O ministro processou o jornalista. Cony teve que ir ao gabinete do iracundo marechal, que não abriu mão dessa prerrogativa legal. Juiz, escrivão e tudo mais tiveram que levar a estrutura do judiciário até o ministério da Guerra para a inquirição do maledicente homem da imprensa. Sabendo que a barra seria pesada, e para não sacrificar a empresa, Cony pediu demissão através de uma das mais soberbas crônicas políticas que já li.
Ela não está no livro O ato e o fato, que - como símbolo da resistência civil - tirou várias edições naquele ano de idas e vindas entre o fim da democracia de 1946 e a afirmação da ditadura de 1964 (na cronologia dos números trocados que sempre ameaça a democracia brasileira). Está no Posto seis, de 1965, o melhor livro de crônicas de Cony.
Em solidariedade ao amigo e colega, Antônio Callado, o diretor de redação, ao receber o pedido de demissão de Cony. também se demitiu. Outros jornalistas foram presos. Os que permaneceram resolveram transformar o Correio no bastião da democracia. Exageraram na dose. O jornal definhou até morrer, em 1974. Pensavam que esse novo golpe militar seguiria a trajetória dos anteriores, devolvendo o poder aos políticos depois da razzia. Enganaram-se. Os militares assumiram tudo e instalaram uma ditadura pior do que a do Estado Novo (1937-45), inimiga da liberdade, da crítica, da pluralidade e da diversidade.
Cony se tornou ghost-writer de Adolpho Bloch na revista Manchete, gostou da boa vida, fez a cama, deitou-se na cama e ainda recebeu uma bolsa anistia polpuda, ignorando que o sofrimento pelo qual passou fazia parte da opção que assumiu e que foi compensado depois por uma boa vida.
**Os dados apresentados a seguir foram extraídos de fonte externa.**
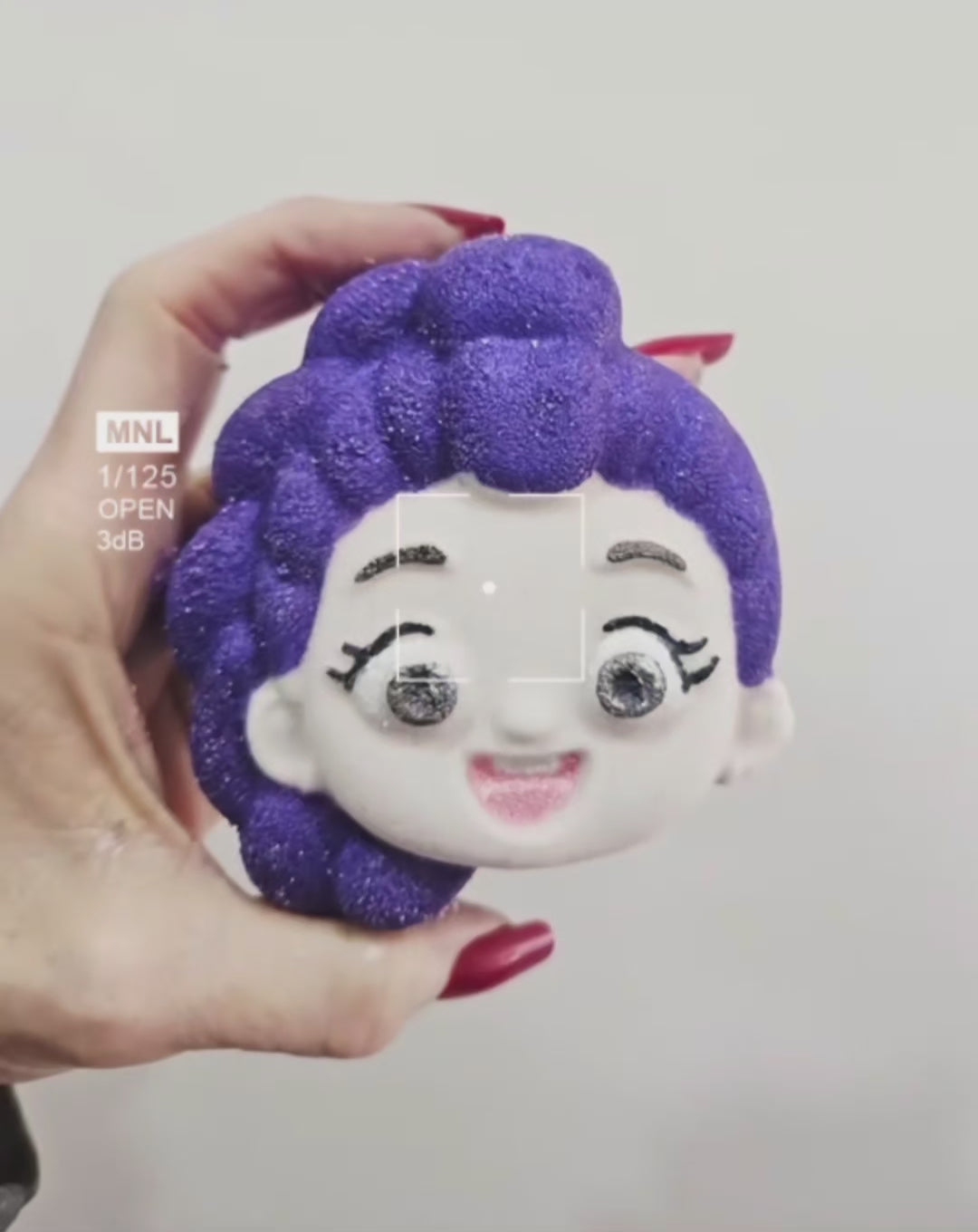 K-pop Demon Girls Bath bomb Gift Set [ set of 4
Esqueceu dos repórteres que dormiram no seu apartamento para informar a direção do Correio de qualquer tentativa de execução das ameaças que ele recebia: de que seria fuzilado, que suas filhas seriam estupradas e seu apartamento invadido.
Cony continuou a ser um grande escritor e uma excelente pessoa. Mas sua vida tomou o rumo que sua vaidade determinou, o mesmo fator da decisão de Sérgio Moro de renunciar à sua função de juiz, um dos mais importantes da história judicial do Brasil, para se meter em péssima companhia, apenas para chegar à mais alta corte da justiça do país.
Mas eles fizeram história por atitudes corretas e corajosas no momento adequado. Fizeram história por defender a liberdade, o direito à livre opinião, a imprensa como fator de equilíbrio entre o poder e a sociedade, entre os que mandam, querendo mandar cada vez mais, e os que obedecem, mas são esmagados se não reagem às ameaças feitas pelos que, então como hoje, têm um objetivo: voltar a acabar com a democracia.
Alguns podem achar que a atual ofensiva contra a imprensa e os jornalistas nem é relevante. Podem minimizar os ataques a William Bonner. Mas se não se reage quando uma flor é arrancada, logo todo jardim estará ameaçado. E a tenta e frágil planta da democracia brasileira morrerá de novo.